Feds provide $27.5 million for Wood Buffalo
The federal government has announced new funding for Wood Buffalo National Park, which is at risk of being classified as an endangered world heritage site.
The government will give $27.5 million in funding over five years to develop a plan to secure the park, Environment Minister Catherine McKenna said in a news release Thursday. The investment comes after recommendations in 2017 by the World Heritage Committee, which oversees UNESCO World Heritage Sites, it said.
“As I have said many times before, the findings and recommendations of the UNESCO World Heritage Committee represent an important call to action,” McKenna said. “Our commitment is real and we will continue to work with all of our provincial, territorial, and Indigenous partners to secure the future of the Wood Buffalo National Park world heritage site for generations to come.”
An environmental assessment report provided to UNESCO said oilsands activity, climate change, pulp and paper facilities, industrial mines, forestry and municipal development and hydro development are fundamentally changing the environment of Wood Buffalo National Park.
The park became a World Heritage Site in 1983. But in 2014, the Mikisew Cree First Nation filed a complaint to UNESCO, saying that Wood Buffalo’s environmental values were being degraded.
UNESCO investigated in 2016 and last year warned that it might put the park on its list of endangered sites. A committee issued a report with 17 recommendations and gave Canada until this year to explain how it would step up conservation efforts.

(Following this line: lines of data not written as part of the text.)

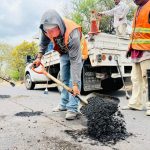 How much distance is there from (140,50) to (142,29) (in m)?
0.38

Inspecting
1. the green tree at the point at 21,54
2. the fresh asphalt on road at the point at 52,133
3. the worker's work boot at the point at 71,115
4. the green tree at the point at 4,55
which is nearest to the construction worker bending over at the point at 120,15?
the fresh asphalt on road at the point at 52,133

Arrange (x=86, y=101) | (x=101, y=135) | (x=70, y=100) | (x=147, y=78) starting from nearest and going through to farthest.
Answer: (x=101, y=135) → (x=86, y=101) → (x=70, y=100) → (x=147, y=78)

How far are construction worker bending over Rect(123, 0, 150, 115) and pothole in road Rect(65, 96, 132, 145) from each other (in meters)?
1.52

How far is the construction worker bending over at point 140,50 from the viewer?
623cm

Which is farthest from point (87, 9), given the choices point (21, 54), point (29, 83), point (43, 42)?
point (43, 42)

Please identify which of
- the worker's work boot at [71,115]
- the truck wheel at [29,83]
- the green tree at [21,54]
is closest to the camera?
the worker's work boot at [71,115]

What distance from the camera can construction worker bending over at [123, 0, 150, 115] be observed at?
245 inches

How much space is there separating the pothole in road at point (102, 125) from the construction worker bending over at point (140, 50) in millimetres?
1516

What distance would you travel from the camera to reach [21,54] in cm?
3506

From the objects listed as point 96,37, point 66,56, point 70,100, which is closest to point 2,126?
point 70,100

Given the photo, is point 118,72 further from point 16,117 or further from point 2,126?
point 2,126

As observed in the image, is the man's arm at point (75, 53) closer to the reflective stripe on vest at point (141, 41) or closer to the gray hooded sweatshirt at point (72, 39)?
the gray hooded sweatshirt at point (72, 39)

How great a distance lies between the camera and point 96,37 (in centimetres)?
850

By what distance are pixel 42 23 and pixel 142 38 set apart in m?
2.06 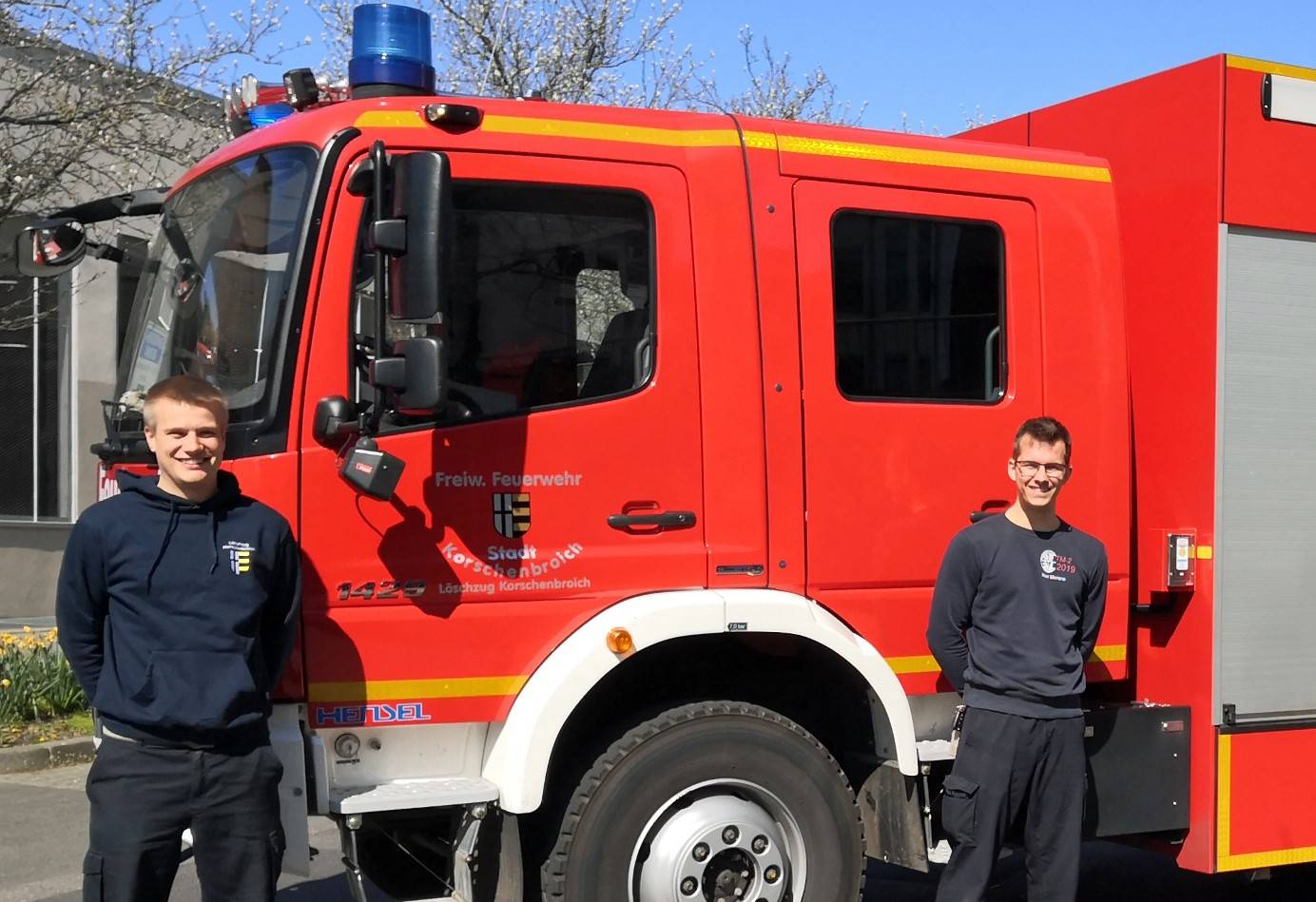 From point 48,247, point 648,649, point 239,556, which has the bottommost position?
point 648,649

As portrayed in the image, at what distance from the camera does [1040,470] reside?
14.8 ft

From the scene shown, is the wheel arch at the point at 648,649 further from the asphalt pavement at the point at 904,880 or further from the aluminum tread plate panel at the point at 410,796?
the asphalt pavement at the point at 904,880

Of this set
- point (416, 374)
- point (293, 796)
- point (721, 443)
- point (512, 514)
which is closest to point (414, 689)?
point (293, 796)

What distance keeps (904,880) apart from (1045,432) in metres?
2.81

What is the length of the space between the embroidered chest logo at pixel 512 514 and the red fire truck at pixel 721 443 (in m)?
0.02

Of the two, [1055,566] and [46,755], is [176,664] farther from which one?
[46,755]

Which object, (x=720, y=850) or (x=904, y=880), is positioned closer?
(x=720, y=850)

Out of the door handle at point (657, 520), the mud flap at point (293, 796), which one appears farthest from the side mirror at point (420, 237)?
the mud flap at point (293, 796)

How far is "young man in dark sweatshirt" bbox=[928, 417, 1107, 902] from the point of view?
4523 mm

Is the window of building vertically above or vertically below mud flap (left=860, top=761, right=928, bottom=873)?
above

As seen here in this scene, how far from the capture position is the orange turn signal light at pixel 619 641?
4266 mm

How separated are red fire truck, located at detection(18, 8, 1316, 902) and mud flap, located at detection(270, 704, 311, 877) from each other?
13 millimetres

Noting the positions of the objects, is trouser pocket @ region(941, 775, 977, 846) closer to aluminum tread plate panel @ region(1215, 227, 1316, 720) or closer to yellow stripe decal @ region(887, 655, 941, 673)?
yellow stripe decal @ region(887, 655, 941, 673)

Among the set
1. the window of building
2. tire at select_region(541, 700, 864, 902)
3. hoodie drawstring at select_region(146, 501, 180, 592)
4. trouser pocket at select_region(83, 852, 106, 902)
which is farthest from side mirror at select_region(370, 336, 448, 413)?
the window of building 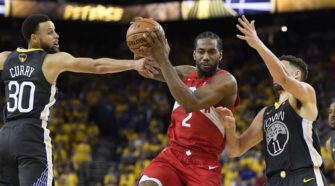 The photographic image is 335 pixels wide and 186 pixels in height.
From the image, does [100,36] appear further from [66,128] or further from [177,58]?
[66,128]

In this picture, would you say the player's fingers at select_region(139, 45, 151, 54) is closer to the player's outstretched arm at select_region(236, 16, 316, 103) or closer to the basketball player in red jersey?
the basketball player in red jersey

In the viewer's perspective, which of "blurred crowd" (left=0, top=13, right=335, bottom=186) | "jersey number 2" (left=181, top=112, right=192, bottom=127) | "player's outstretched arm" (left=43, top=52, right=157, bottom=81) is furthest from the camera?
"blurred crowd" (left=0, top=13, right=335, bottom=186)

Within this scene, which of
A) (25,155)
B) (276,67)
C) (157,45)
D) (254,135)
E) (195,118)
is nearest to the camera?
(276,67)

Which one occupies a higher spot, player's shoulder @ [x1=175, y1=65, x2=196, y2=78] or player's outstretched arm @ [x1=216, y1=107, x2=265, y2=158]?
player's shoulder @ [x1=175, y1=65, x2=196, y2=78]

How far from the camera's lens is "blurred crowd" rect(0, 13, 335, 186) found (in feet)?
46.1

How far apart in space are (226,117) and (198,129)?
26 centimetres

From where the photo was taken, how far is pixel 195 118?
17.7ft

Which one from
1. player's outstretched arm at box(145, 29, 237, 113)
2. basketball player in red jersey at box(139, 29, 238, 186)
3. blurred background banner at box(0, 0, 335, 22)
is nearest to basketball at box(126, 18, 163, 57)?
player's outstretched arm at box(145, 29, 237, 113)

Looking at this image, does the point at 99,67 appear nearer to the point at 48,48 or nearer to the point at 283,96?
the point at 48,48

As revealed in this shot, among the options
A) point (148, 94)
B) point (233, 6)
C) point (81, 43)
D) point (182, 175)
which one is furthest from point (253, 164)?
point (81, 43)

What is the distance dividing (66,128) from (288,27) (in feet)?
24.8

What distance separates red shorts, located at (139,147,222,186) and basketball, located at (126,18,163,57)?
0.90 meters

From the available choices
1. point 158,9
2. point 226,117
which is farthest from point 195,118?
point 158,9

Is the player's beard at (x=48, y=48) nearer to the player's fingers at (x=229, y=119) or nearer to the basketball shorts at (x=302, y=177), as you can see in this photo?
the player's fingers at (x=229, y=119) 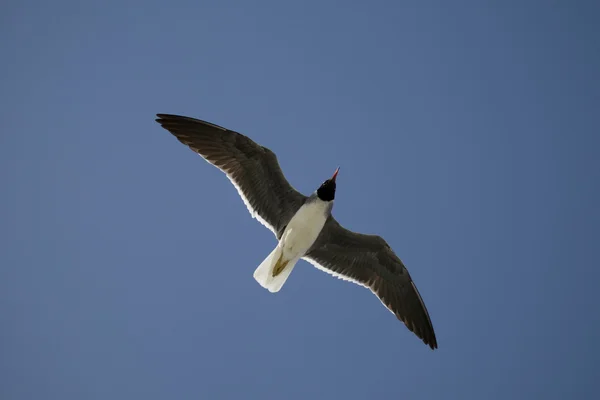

Wood Buffalo covers almost 45,000 square kilometres of grasslands, wetlands and waterways — one of the world’s largest inland deltas — and is the largest national park in Canada, straddling the Alberta-N.W.T. border. It is the world’s only breeding ground for endangered whooping cranes and home to the largest herd of freeranging wood bison left anywhere. First Nations have depended on the area for generations for cultural and physical sustenance.